Section Three Summary

Section Three (chapters four and five)

Chapters four and five explain why students struggle understanding abstract ideas and how practice can help.

According the Willingham, the goal of education is to teach students how to transfer knowledge to the world outside the classroom. To do this, students must understand abstract ideas. However, the mind prefers concrete ideas, so students need many concrete examples. Learners look at new information and compare it to old information, and since most of what students know is concrete, concrete examples help students make sense of the abstract.

One way to make comparisons is through analogies. Analogies help students relate the unknown to the known. However, it's not the quantity of the comparisons that help students understand abstractions, it's the quality.

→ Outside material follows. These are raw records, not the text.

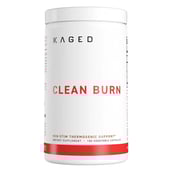 1 - Kaged Muscle Clean Burn,  180 capsules  Unflavoured 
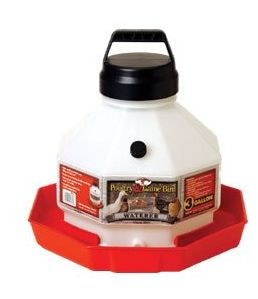 Fount Plastic Poultry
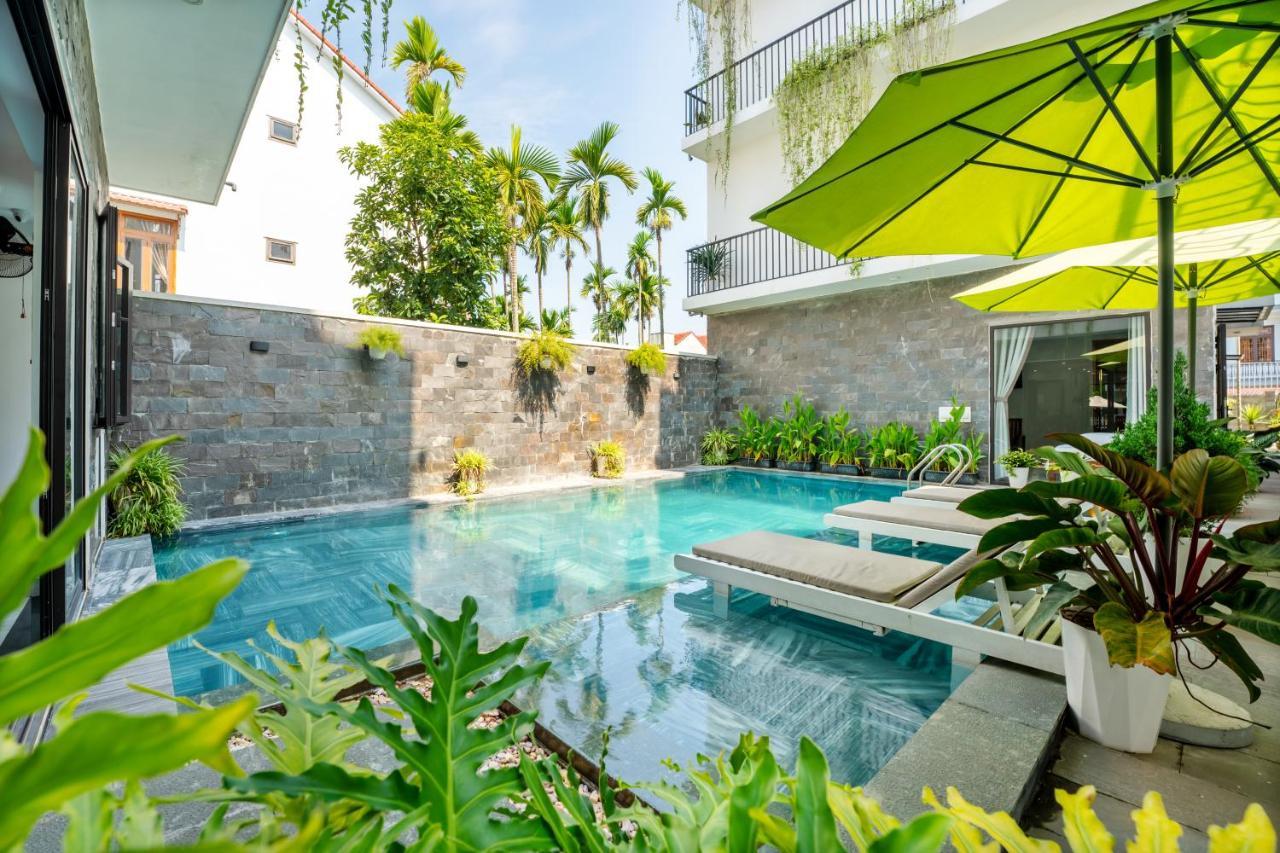 Tomorrow Hoi An Villa Eksteriør billede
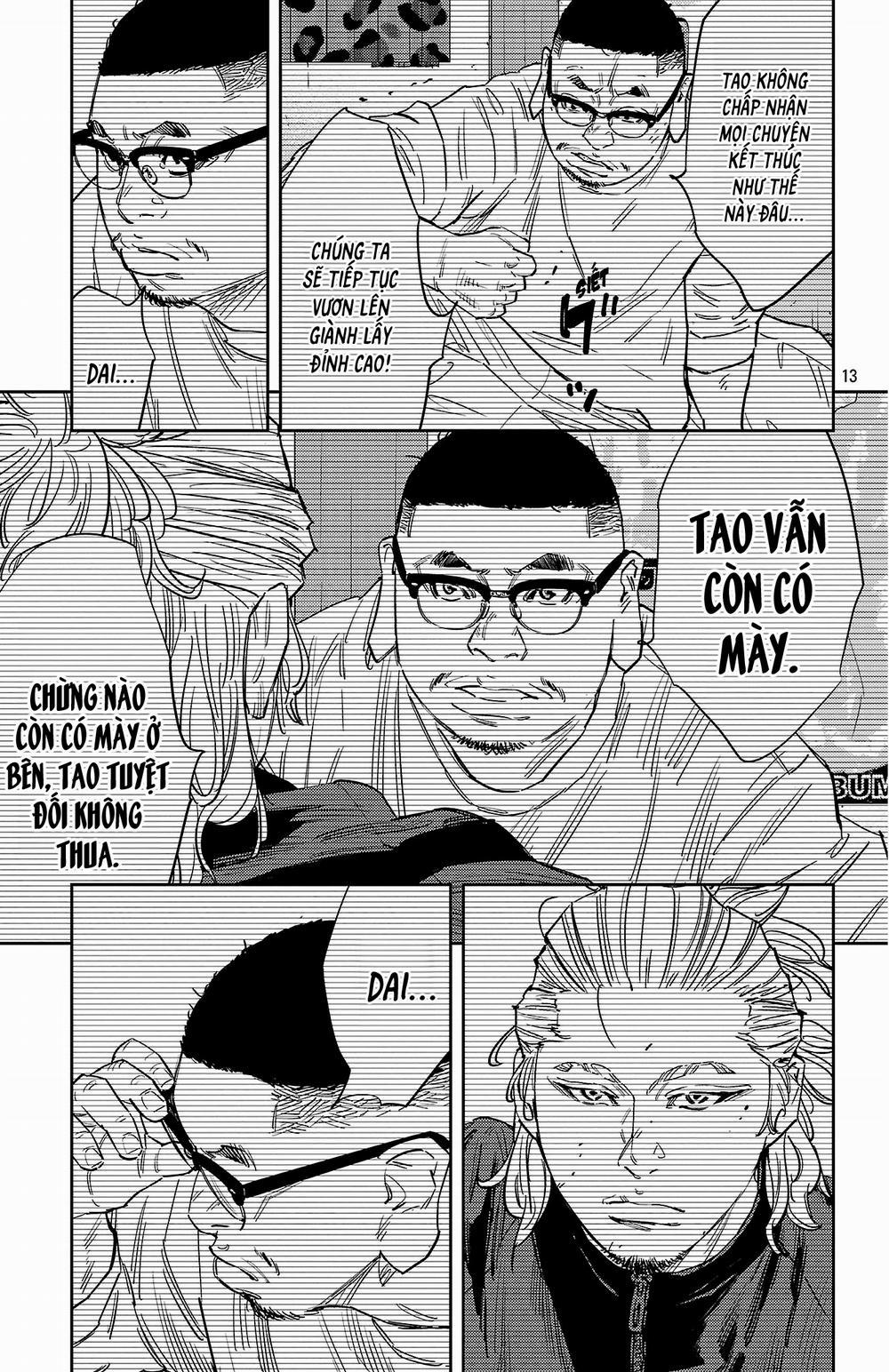 Nine Peaks 127 trang 12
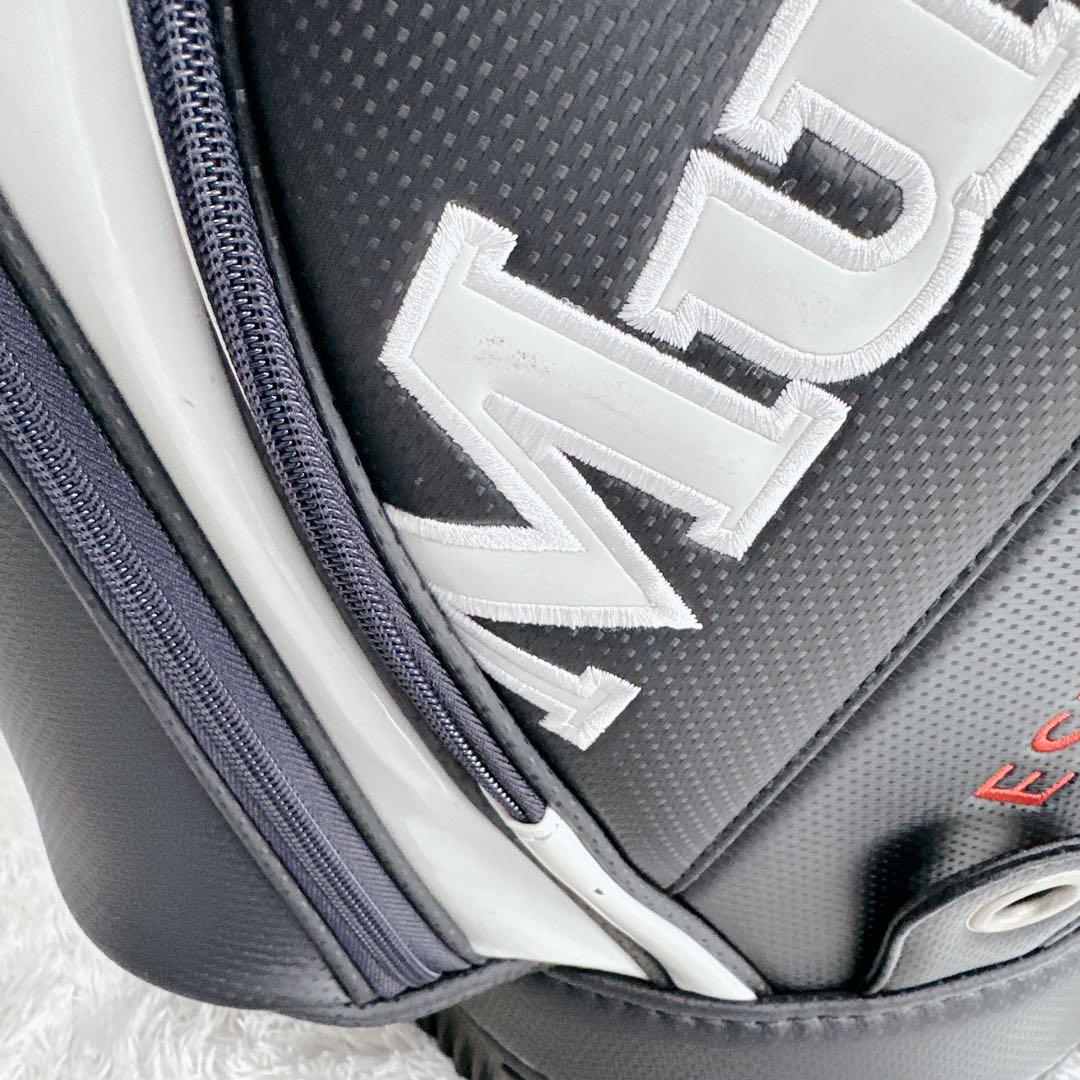 Munsingwear マンシングウェア　キャディーバッグ　美品　 ゴルフバッグ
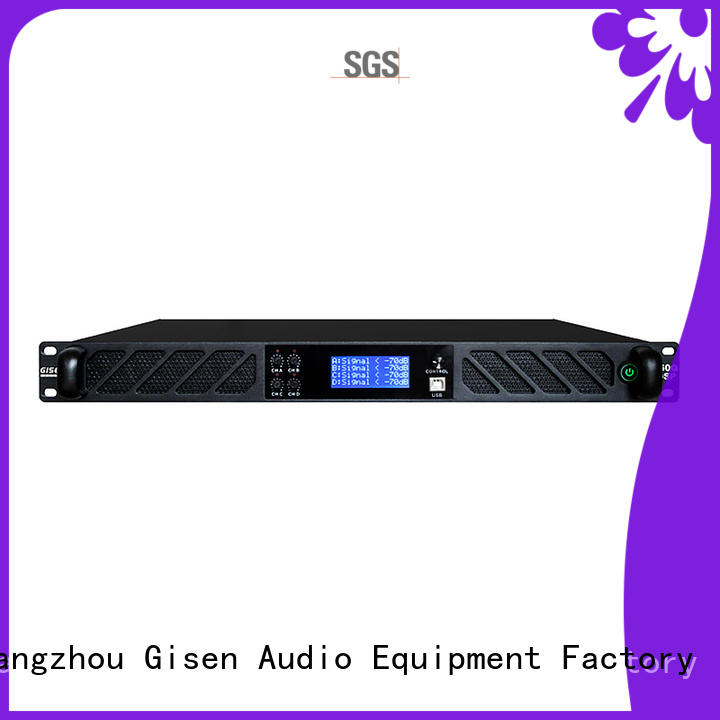1u best power amplifier in the world supplier for various occations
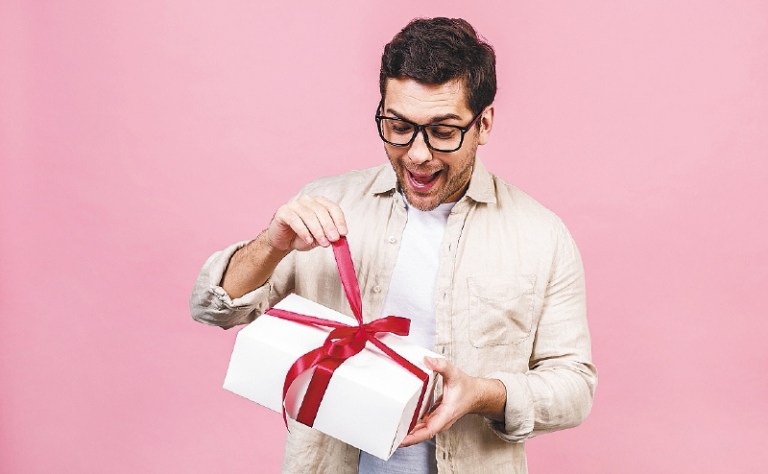 Regalos infaltables para sorprender y enamorar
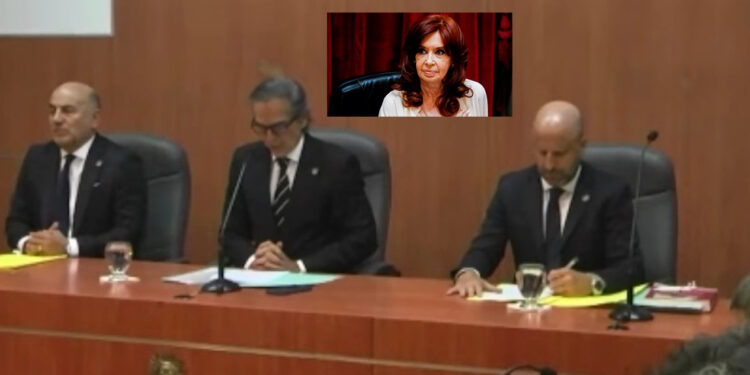 Confirmada la condena a Cristina Kirchner en Argentina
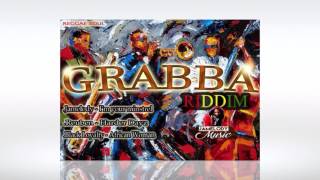 Reuben - Harder Days - GRABBA RIDDIM (official audio)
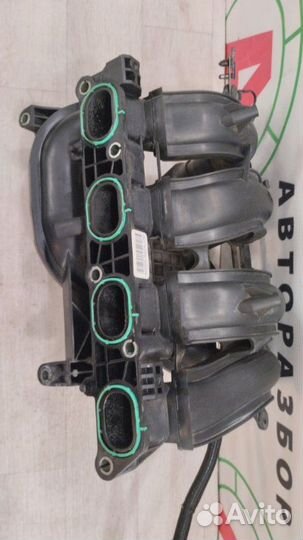 Коллектор впускной Ford Focus CB4 1.6L duratec-16V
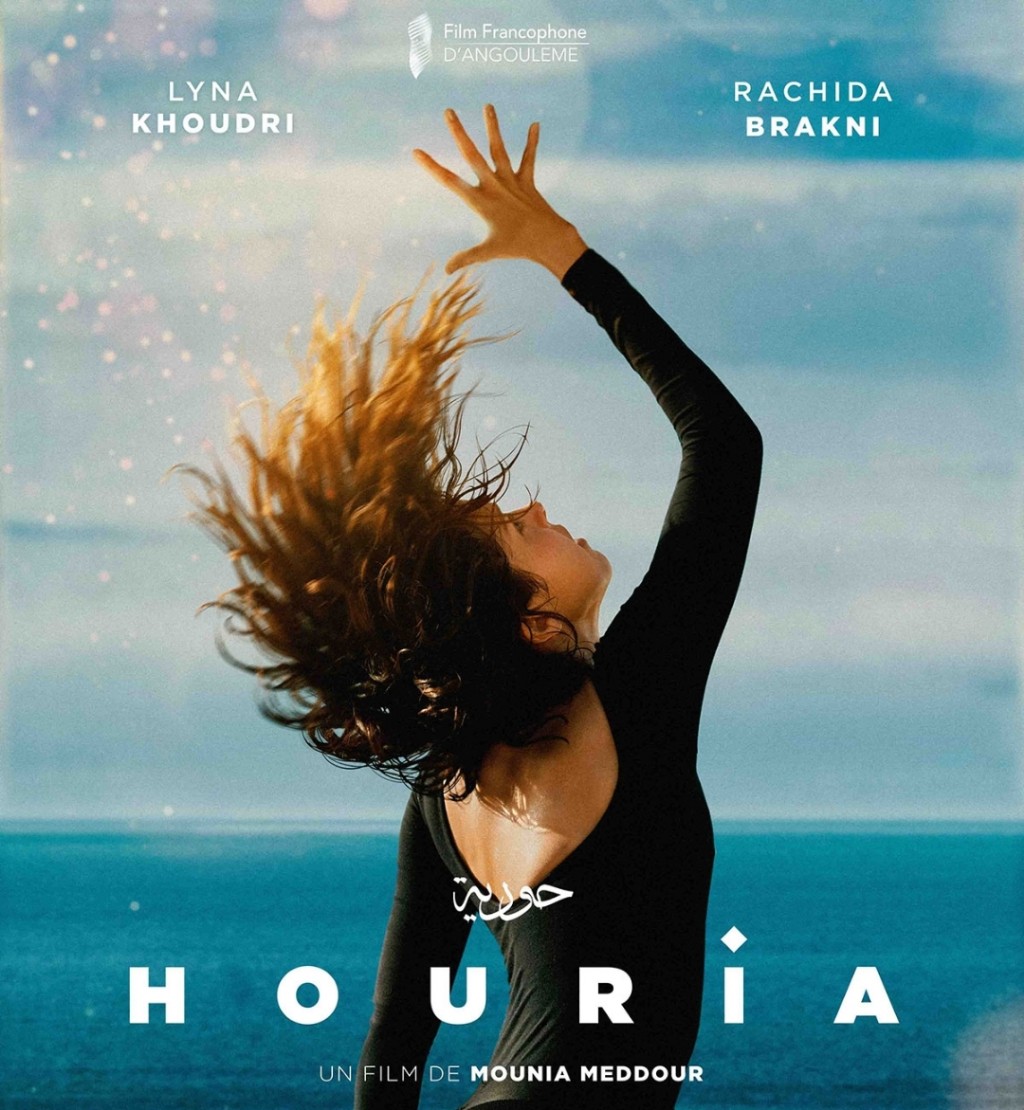 Houria film algérien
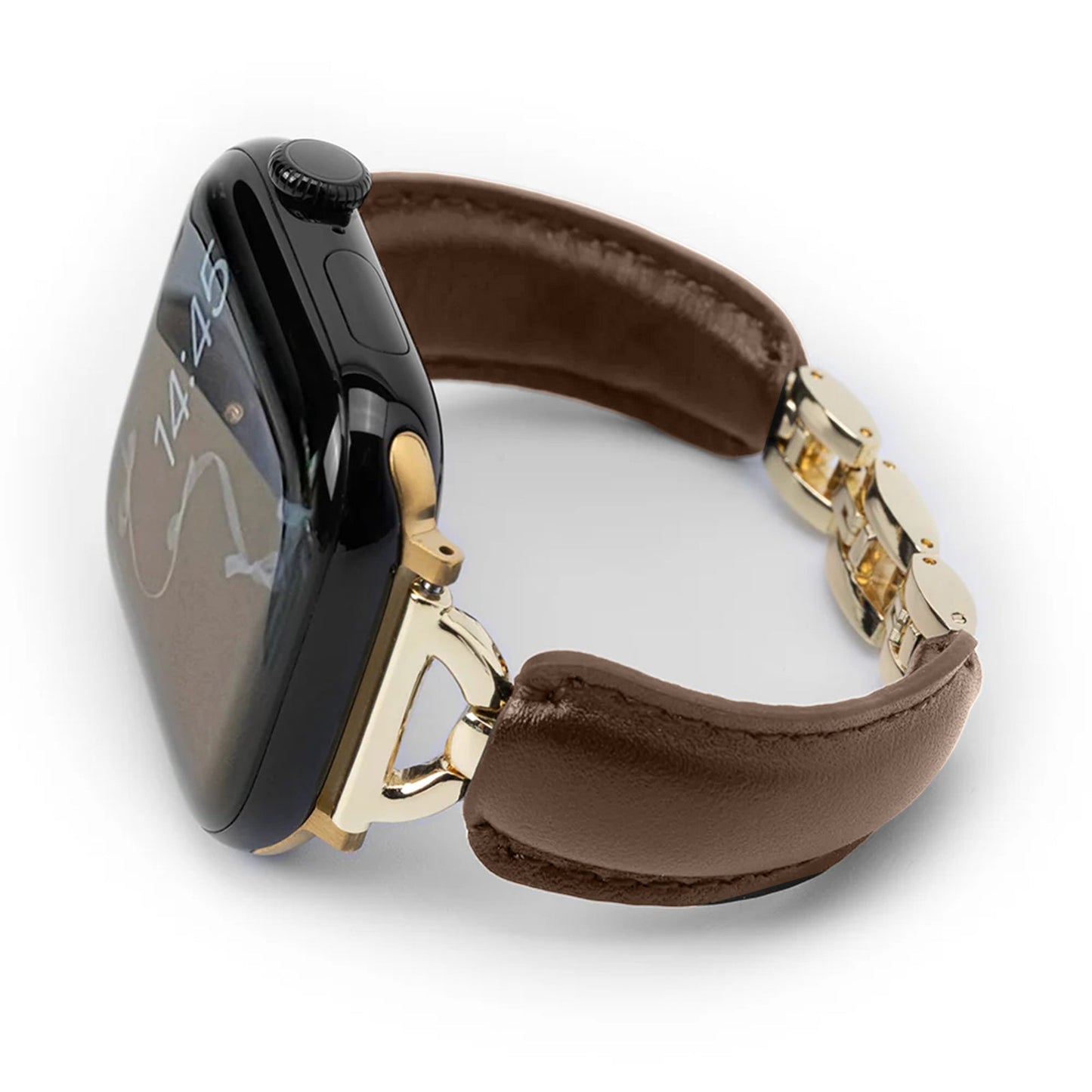 Genuine Leather Bracelet – Handcrafted, Timeless Style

The comparisons have to be familiar to the student, and most of what students know is concrete -- hence the need for concrete examples to understand abstract ideas. As Willingham said on page 92, "Every new idea must build on ideas that the student already knows."

In chapter four Willingham contrasted shallow knowledge with deep knowledge and surface structure of problems with deep structure. With shallow knowledge students have some understanding of the material but their understanding is limited. They may see the parts but not the whole, and they may be focusing only on the simple surface structure of a problem. Students with deep knowledge can apply their knowledge in many different contexts and see the whole problem and how that problem changes when one part is altered. Students with deep knowledge understand abstractions and transfer that knowledge to new problems because they recognize that analogy between different problems.

Willingham stressed the importance of emphasizing deep structure in problems. Teachers can do this through the types of assignments and assessments they create and through daily questioning in the classroom. However, Willingham also assured his readers, "Shallow knowledge is much better than no knowledge at all, and shallow knowledge is a natural step on the way to deeper knowledge."

In chapter five Willingham explained how a store of factual knowledge and regular practice help students learn by clearing up space in their working memories. Practice that is spaced out over time help mental processes become automatic so the working memory can focus on more complex processes. Practice also helps with transfer and long-term memory.